This design change is really handy, because if we want to compile another
program instead of sed, we can simply create a new .ebuild file and
pass it as an argument to our "ebuild" script. That way, the
.ebuild files end up being really simple, while the complicated
brains of the ebuild system get stored in one place -- our "ebuild" script. This
way, we can upgrade or enhance the ebuild system simply by editing the "ebuild"
script, keeping the implementation details outside of the ebuild files. Here's a
sample ebuild file for gzip:
Code Listing 1.8: gzip-1.2.4a.ebuild |
P=gzip-1.2.4a
A=${P}.tar.gz
|
Adding functionality
OK, we're making some progress. But, there is some additional functionality I'd
like to add. I'd like the ebuild script to accept a second command-line
argument, which will be compile, unpack, or all. This
second command-line argument tells the ebuild script which particular step of
the build process to perform. That way, I can tell ebuild to unpack the archive,
but not compile it (just in case I need to inspect the source archive before
compilation begins). To do this, I'll add a case statement that will test
variable $2, and do different things based on its value. Here's what the
code looks like now:
Code Listing 1.9: ebuild, revision 2 |
#!/usr/bin/env bash
if [ $# -ne 2 ]
then
echo "Please specify two args - .ebuild file and unpack, compile or all"
exit 1
fi
if [ -z "$DISTDIR" ]
then
DISTDIR=/usr/src/distfiles
fi
export DISTDIR
ebuild_unpack() {
cd ${ORIGDIR}
if [ -d ${WORKDIR} ]
then
rm -rf ${WORKDIR}
fi
mkdir ${WORKDIR}
cd ${WORKDIR}
if [ ! -e ${DISTDIR}/${A} ]
then
echo "${DISTDIR}/${A} does not exist. Please download first."
exit 1
fi
tar xzf ${DISTDIR}/${A}
echo "Unpacked ${DISTDIR}/${A}."
#source is now correctly unpacked
}
ebuild_compile() {
cd ${SRCDIR}
if [ ! -d "${SRCDIR}" ]
then
echo "${SRCDIR} does not exist -- please unpack first."
exit 1
fi
./configure --prefix=/usr
make
}
export ORIGDIR=`pwd`
export WORKDIR=${ORIGDIR}/work
if [ -e "$1" ]
then
source $1
else
echo "Ebuild file $1 not found."
exit 1
fi
export SRCDIR=${WORKDIR}/${P}
case "${2}" in
unpack)
ebuild_unpack
;;
compile)
ebuild_compile
;;
all)
ebuild_unpack
ebuild_compile
;;
*)
echo "Please specify unpack, compile or all as the second arg"
exit 1
;;
esac
|
We've made a lot of changes, so let's review them. First, we placed the compile
and unpack steps in their own functions, and called ebuild_compile() and
ebuild_unpack(), respectively. This is a good move, since the code is
getting more complicated, and the new functions provide some modularity, which
helps to keep things organized. On the first line in each function, I explicitly
cd into the directory I want to be in because, as our code is becoming
more modular rather than linear, it's more likely that we might slip up and
execute a function in the wrong current working directory. The cd
commands explicitly put us in the right place, and prevent us from making a
mistake later -- an important step -- especially if you will be deleting files
inside the functions.
Also, I added a useful check to the beginning of the ebuild_compile()

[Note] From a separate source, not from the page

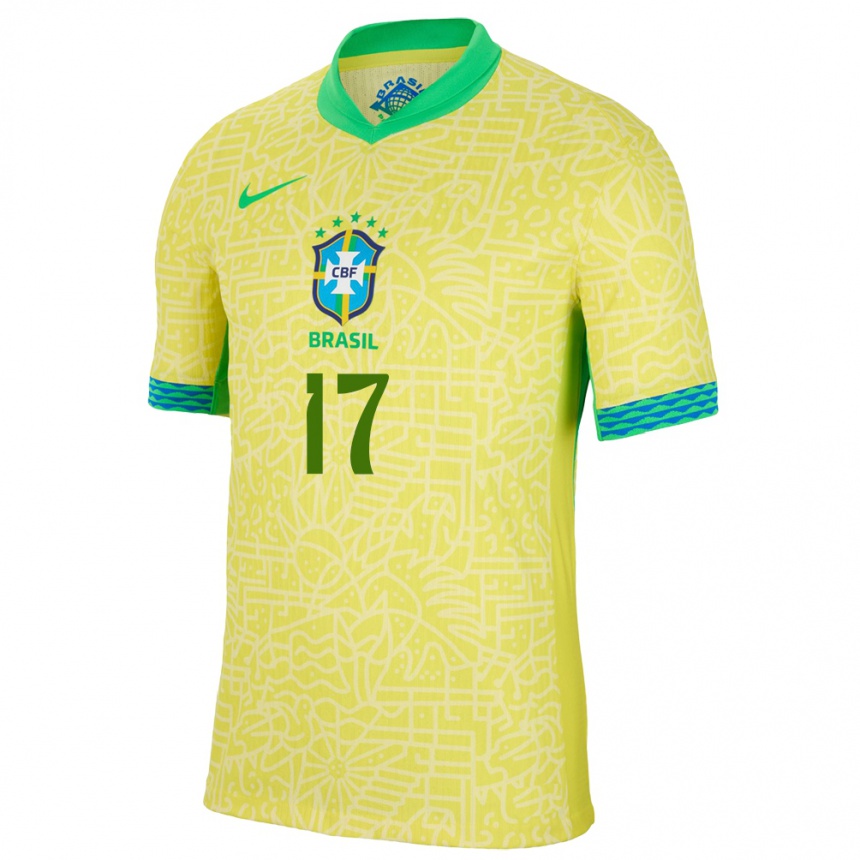 Gyermek Labdarúgás Brazília Ary Borges #17 Sárga Hazai Jersey 24-26 Mez Póló Ing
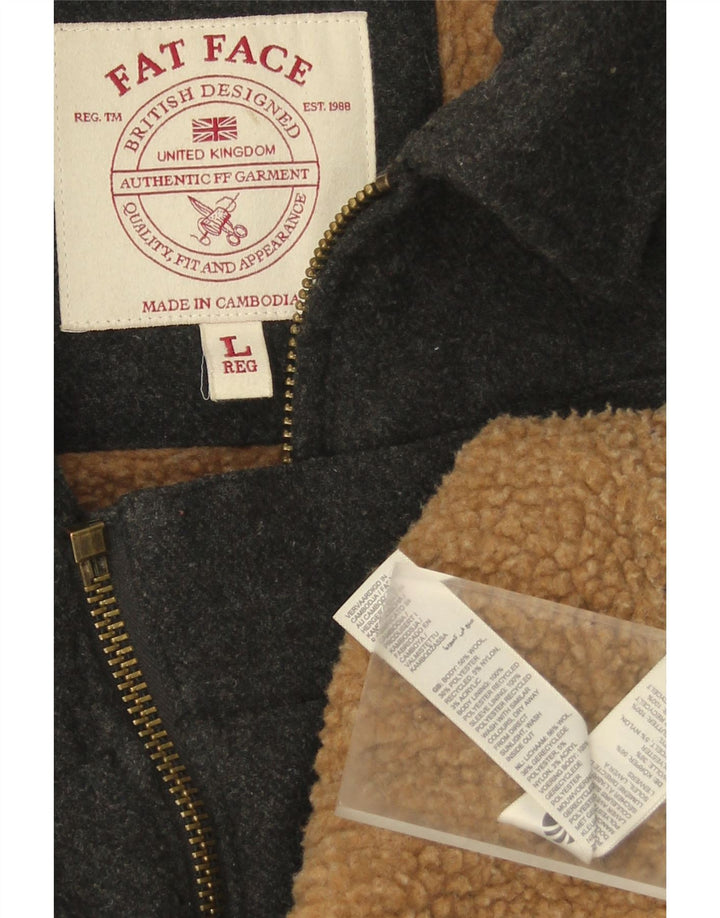 Giacca Sherpa da uomo Fat Face UK 40 Large Grey Wool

function. Now, it checks to make sure the $SRCDIR exists, and, if not,
it prints an error message telling the user to unpack the archive first, and
then exits. If you like, you can change this behavior so that if $SRCDIR
doesn't exist, our ebuild script will unpack the source archive automatically.
You can do this by replacing ebuild_compile() with the following code:
Code Listing 1.10: A new spin on ebuild_compile() |
ebuild_compile() {
if [ ! -d "${SRCDIR}" ]
then
ebuild_unpack
fi
cd ${SRCDIR}
./configure --prefix=/usr
make
}
|
One of the most obvious changes in our second version of the ebuild script is
the new case statement at the end of the code. This case statement simply checks
the second command-line argument, and performs the correct action, depending on
its value. If we now type:
Code Listing 1.11: Default action |
$ ebuild sed-3.02.ebuild
|
We'll actually get an error message. ebuild now wants to be told what to do, as
follows:
Code Listing 1.12: Unpacking |
$ ebuild sed-3.02.ebuild unpack
|
or:
Code Listing 1.13: Compiling |
$ ebuild sed-3.02.ebuild compile
|
or:
Code Listing 1.14: Unpacking and compiling |
$ ebuild sed-3.02.ebuild all
|
Important:
If you provide a second command-line argument, other than those listed above,
you get an error message (the * clause), and the program exits.
|
Modularizing the code
Now that the code is quite advanced and functional, you may be tempted to create
several more ebuild scripts to unpack and compile your favorite programs. If you
do, sooner or later you'll come across some sources that do not use autoconf
(./configure) or possibly others that have non-standard compilation
processes. We need to make some more changes to the ebuild system to
accommodate these programs. But before we do, it is a good idea to think a bit
about how to accomplish this.
One of the great things about hard-coding ./configure --prefix=/usr; make
into our compile stage is that, most of the time, it works. But, we must also
have the ebuild system accommodate sources that do not use autoconf or normal
Makefiles. To solve this problem, I propose that our ebuild script should, by
default, do the following:
-
If there is a configure script in ${SRCDIR}, execute it as follows:
./configure --prefix=/usr. Otherwise, skip this step.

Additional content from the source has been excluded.